ONNX Runtime GenAI C++ API
Note: this API is in preview and is subject to change.
- Overview
- OgaModel
- OgaConfig
- OgaRuntimeSettings
- OgaTokenizer
- OgaTokenizerStream
- OgaSequences
- OgaGeneratorParams
- OgaGenerator
- OgaTensor
- OgaImages
- OgaAudios
- OgaNamedTensors
- OgaAdapters
- OgaMultiModalProcessor
- OgaHandle
- Oga Utility Functions
Overview
This document describes the C++ API for ONNX Runtime GenAI.
Below are the main classes and methods, with code snippets and descriptions for each.
OgaModel
Create
Creates a model from a configuration directory, with optional runtime settings or config object.
auto model = OgaModel::Create("path/to/model_dir");
auto model2 = OgaModel::Create("path/to/model_dir", *settings);
auto model3 = OgaModel::Create(*config);
GetType
Gets the type of the model.
auto type = model->GetType();
GetDeviceType
Gets the device type used by the model.
auto device_type = model->GetDeviceType();
OgaConfig
Create
Creates a configuration object from a config path.
auto config = OgaConfig::Create("path/to/model_dir");
ClearProviders
Clears all providers from the configuration.
config->ClearProviders();
AppendProvider
Appends a provider to the configuration.
config->AppendProvider("CUDAExecutionProvider");
SetProviderOption
Sets a provider option in the configuration.
config->SetProviderOption("CUDAExecutionProvider", "device_id", "0");
Overlay
Overlays a JSON string onto the configuration.
config->Overlay("{\"option\": \"value\"}");
OgaRuntimeSettings
Create
Creates a runtime settings object.
auto settings = OgaRuntimeSettings::Create();
SetHandle
Sets a named handle in the runtime settings.
settings->SetHandle("custom_handle", handle_ptr);
OgaTokenizer
Create
Creates a tokenizer for the given model.
auto tokenizer = OgaTokenizer::Create(*model);
Encode
Encodes a string and adds the encoded sequence of tokens to the provided OgaSequences.
auto sequences = OgaSequences::Create();
tokenizer->Encode("Hello world", *sequences);
EncodeBatch
Encodes a batch of strings.
const char* texts[] = {"Hello", "World"};
auto tensor = tokenizer->EncodeBatch(texts, 2);
ToTokenId
Converts a string to its corresponding token ID.
int32_t token_id = tokenizer->ToTokenId("Hello");
Decode
Decodes a sequence of tokens into a string.
auto str = tokenizer->Decode(tokens, token_count);
ApplyChatTemplate
Applies a chat template to messages and tools.
auto templated = tokenizer->ApplyChatTemplate("template", "messages", "tools", true);
DecodeBatch
Decodes a batch of token sequences.
auto decoded = tokenizer->DecodeBatch(*tensor);
OgaTokenizerStream
Create
Creates a tokenizer stream for incremental decoding.
auto stream = OgaTokenizerStream::Create(*tokenizer);
Decode
Decodes a single token in the stream.

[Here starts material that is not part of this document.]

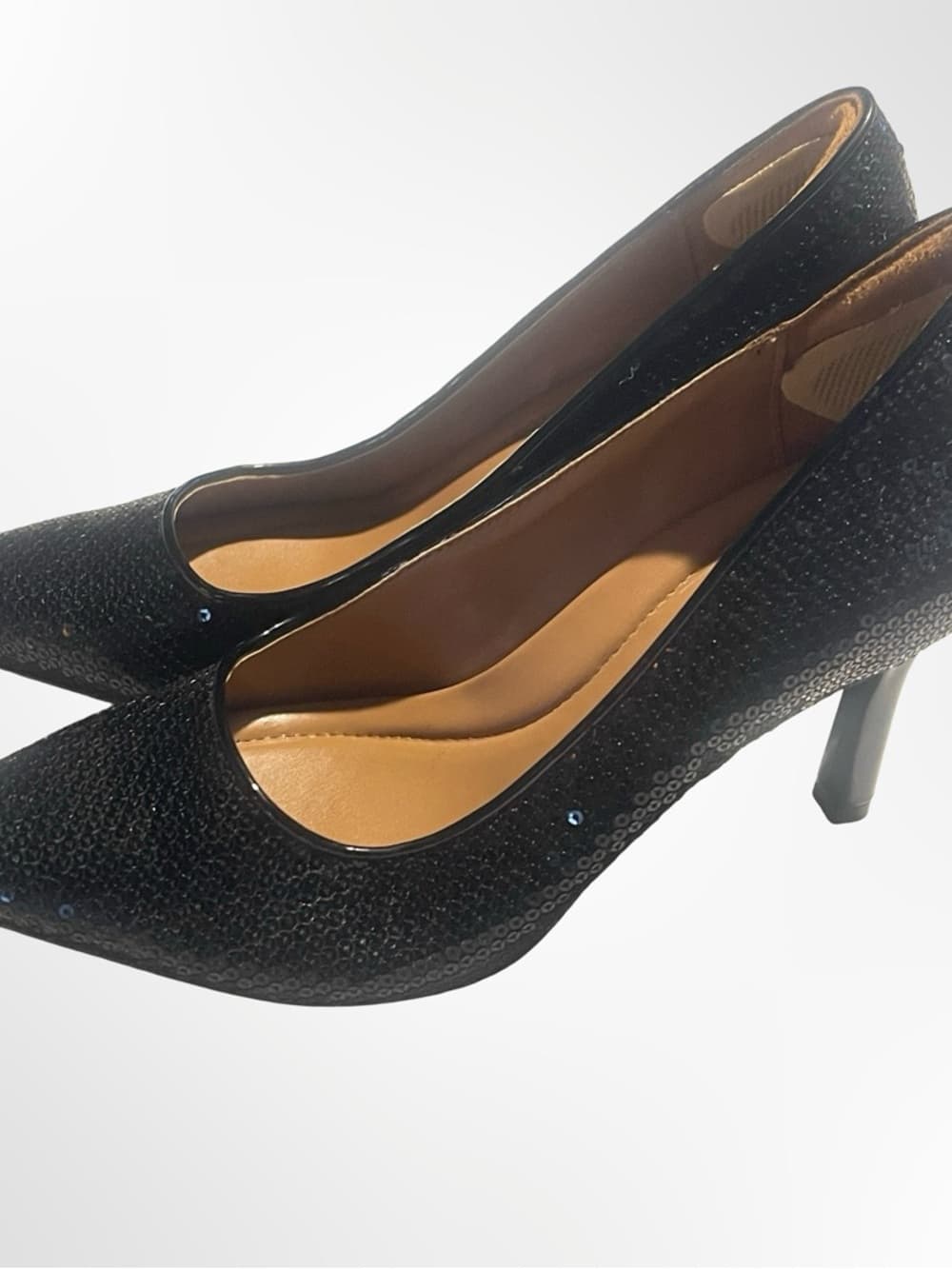 Nordstrom Black Sequin Pointed-Toe Pumps in size 6.5 - Thumbnail 4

If this results in a word being generated, it will be returned.
const char* chunk = stream->Decode(token);
OgaSequences
Create
Creates an empty OgaSequences object.
auto sequences = OgaSequences::Create();
Count
Returns the number of sequences.
size_t n = sequences->Count();
SequenceCount
Returns the number of tokens in the sequence at the given index.

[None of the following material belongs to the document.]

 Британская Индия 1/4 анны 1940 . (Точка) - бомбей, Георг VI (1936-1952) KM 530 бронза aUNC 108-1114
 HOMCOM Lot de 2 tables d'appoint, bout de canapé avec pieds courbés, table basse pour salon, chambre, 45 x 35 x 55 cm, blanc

size_t tokens = sequences->SequenceCount(0);
SequenceData
Returns a pointer to the token data for the sequence at the given index.
const int32_t* data = sequences->SequenceData(0);
Append
Appends a sequence of tokens or a single token to the sequences.
sequences->Append(tokens, token_count);
sequences->Append(token, sequence_index);
OgaGeneratorParams
Create
Creates generator parameters for the given model.
auto params = OgaGeneratorParams::Create(*model);
SetSearchOption
Sets a numeric search option.
params->SetSearchOption("max_length", 128);
SetSearchOptionBool
Sets a boolean search option.
params->SetSearchOptionBool("do_sample", true);
SetModelInput
Sets an additional model input.
params->SetModelInput("input_name", *tensor);
SetInputs
Sets named tensors as inputs.
params->SetInputs(*named_tensors);
SetGuidance
Sets guidance data.
params->SetGuidance("type", "data");
OgaGenerator
Create
Creates a generator from the given model and parameters.
auto generator = OgaGenerator::Create(*model, *params);
IsDone
Checks if generation is complete.
bool done = generator->IsDone();
AppendTokenSequences
Appends token sequences to the generator.
generator->AppendTokenSequences(*sequences);
AppendTokens
Appends tokens to the generator.
generator->AppendTokens(tokens, token_count);
IsSessionTerminated
Checks if the session is terminated.
bool terminated = generator->IsSessionTerminated();
GenerateNextToken
Generates the next token.
generator->GenerateNextToken();
RewindTo
Rewinds the sequence to a new length.
generator->RewindTo(new_length);
SetRuntimeOption
Sets a runtime option.
generator->SetRuntimeOption("terminate_session", "1");
GetSequenceCount
Returns the number of tokens in the sequence at the given index.
size_t count = generator->GetSequenceCount(0);
GetSequenceData
Returns a pointer to the sequence data at the given index.
const int32_t* data = generator->GetSequenceData(0);
GetOutput
Gets a named output tensor.
auto tensor = generator->GetOutput("output_name");
GetLogits
Gets the logits tensor.
auto logits = generator->GetLogits();
SetLogits
Sets the logits tensor.
generator->SetLogits(*tensor);
SetActiveAdapter
Sets the active adapter for the generator.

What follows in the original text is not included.